[[ Material supplied, beginning ]]

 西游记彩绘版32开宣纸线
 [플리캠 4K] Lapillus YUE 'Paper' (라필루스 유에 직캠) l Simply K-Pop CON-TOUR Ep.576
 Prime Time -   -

[[ Material supplied, end ]]
[[ Material supplied, beginning ]]

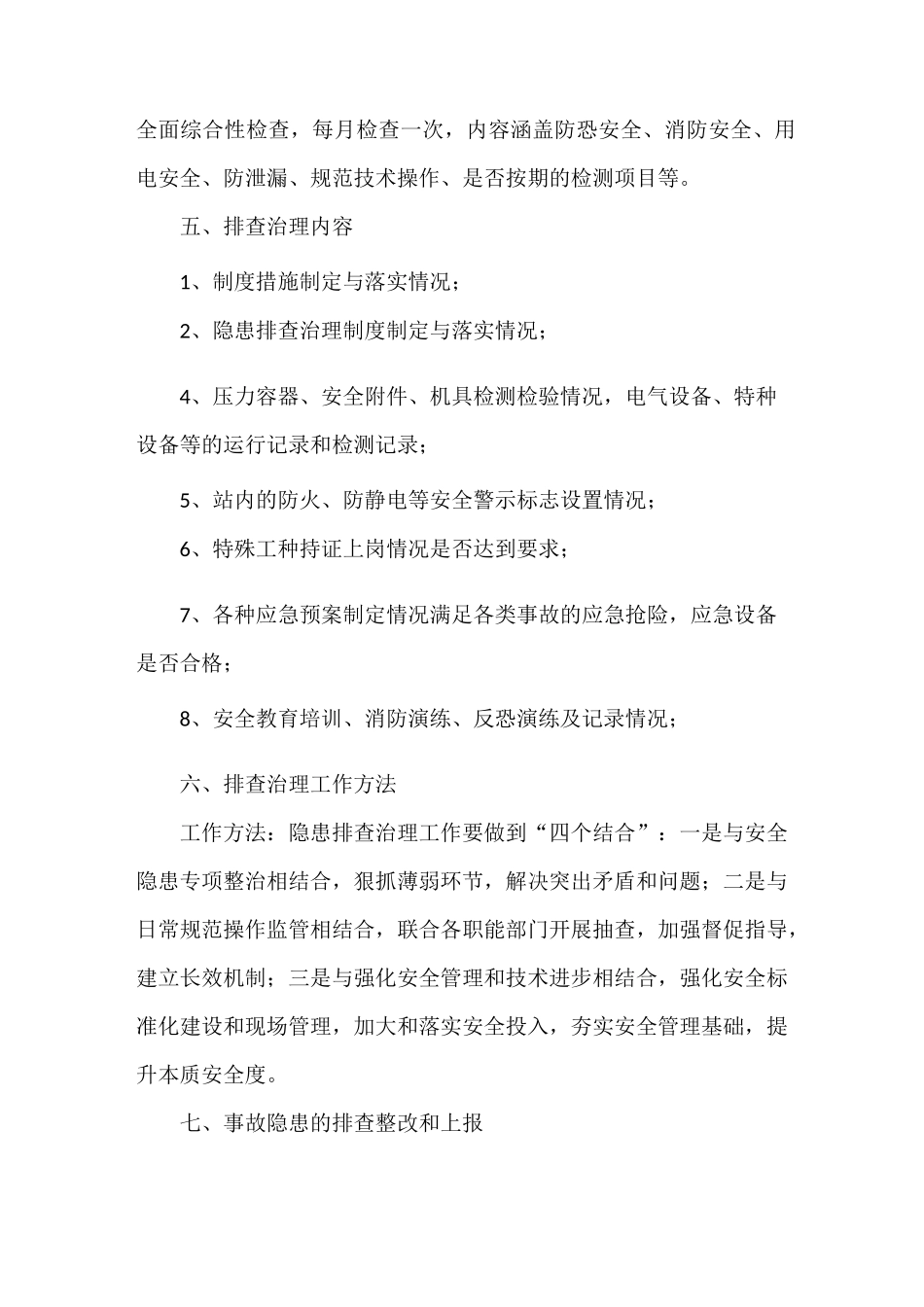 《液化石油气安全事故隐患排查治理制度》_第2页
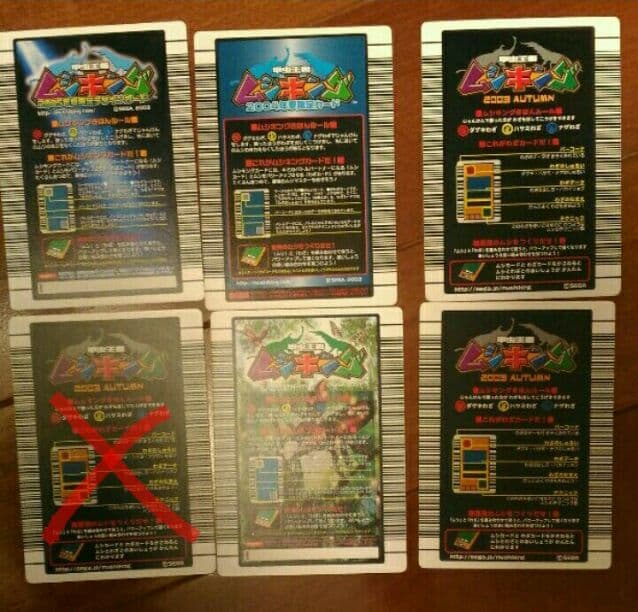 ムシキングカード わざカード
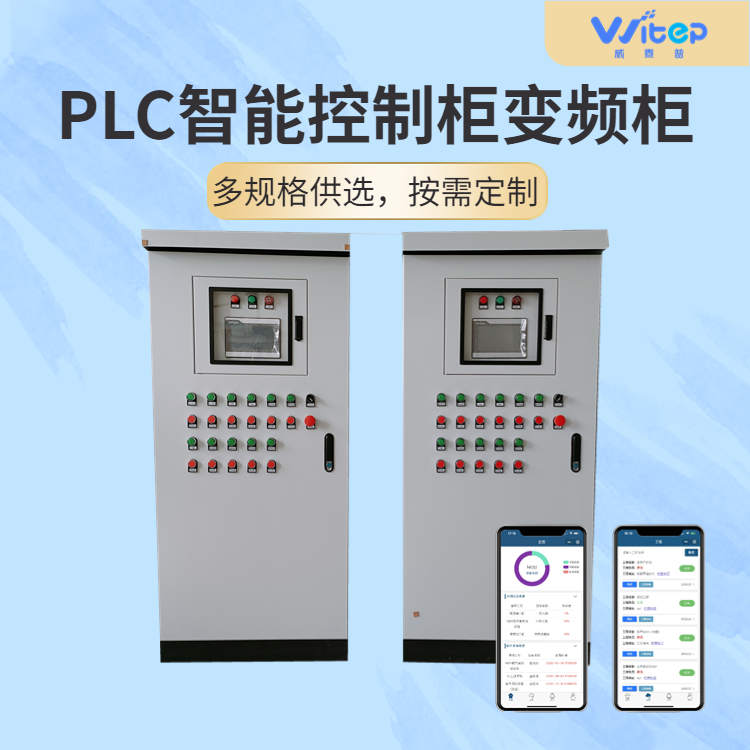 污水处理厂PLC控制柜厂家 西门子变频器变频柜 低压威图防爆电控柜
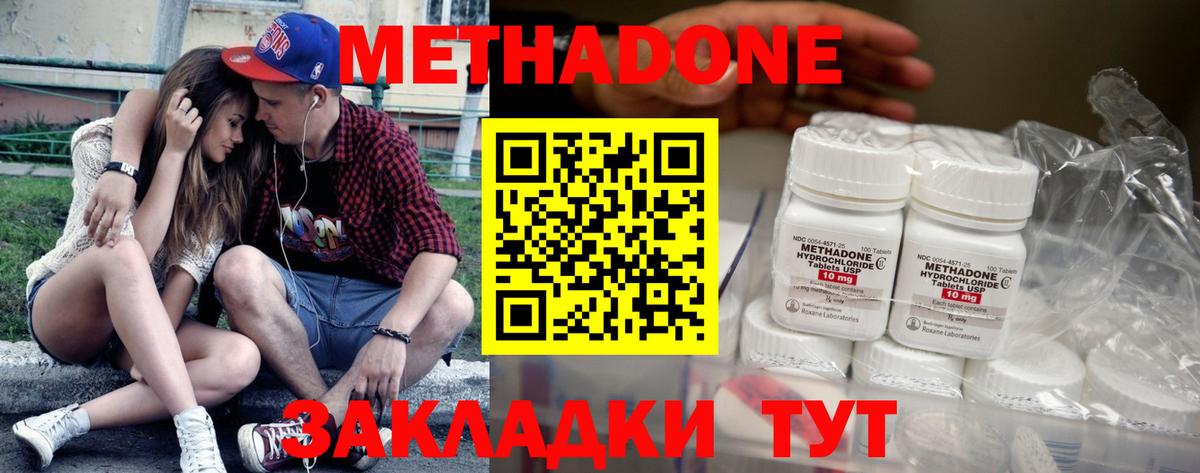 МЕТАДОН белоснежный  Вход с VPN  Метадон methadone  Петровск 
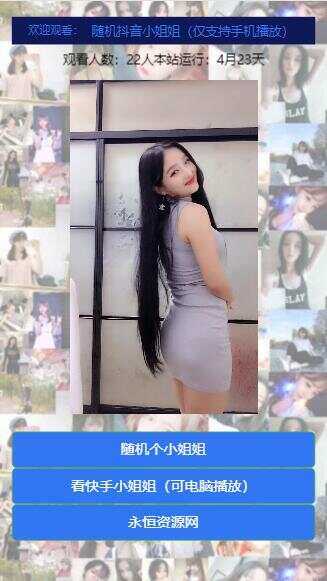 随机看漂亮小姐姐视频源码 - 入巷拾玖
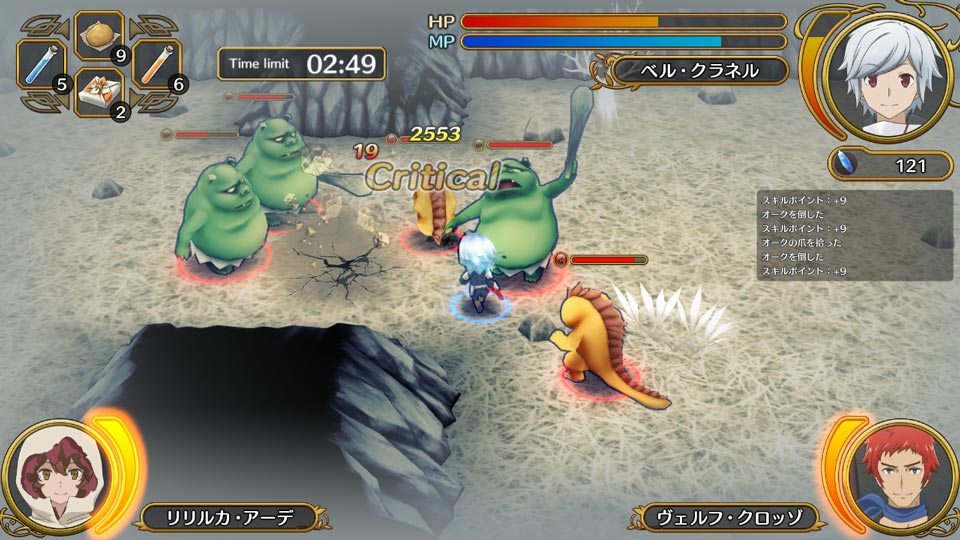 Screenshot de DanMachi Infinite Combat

[[ Material supplied, end ]]

Nothing but the lines above from the line with "ムシキングカード わざカード" up to and including the line with "Screenshot de DanMachi Infinite Combat" should be returned, exactly as written and without pictures.

 ムシキングカード わざカード
 污水处理厂PLC控制柜厂家 西门子变频器变频柜 低压威图防爆电控柜
 МЕТАДОН белоснежный  Вход с VPN  Метадон methadone  Петровск 
 随机看漂亮小姐姐视频源码 - 入巷拾玖
 Screenshot de DanMachi Infinite Combat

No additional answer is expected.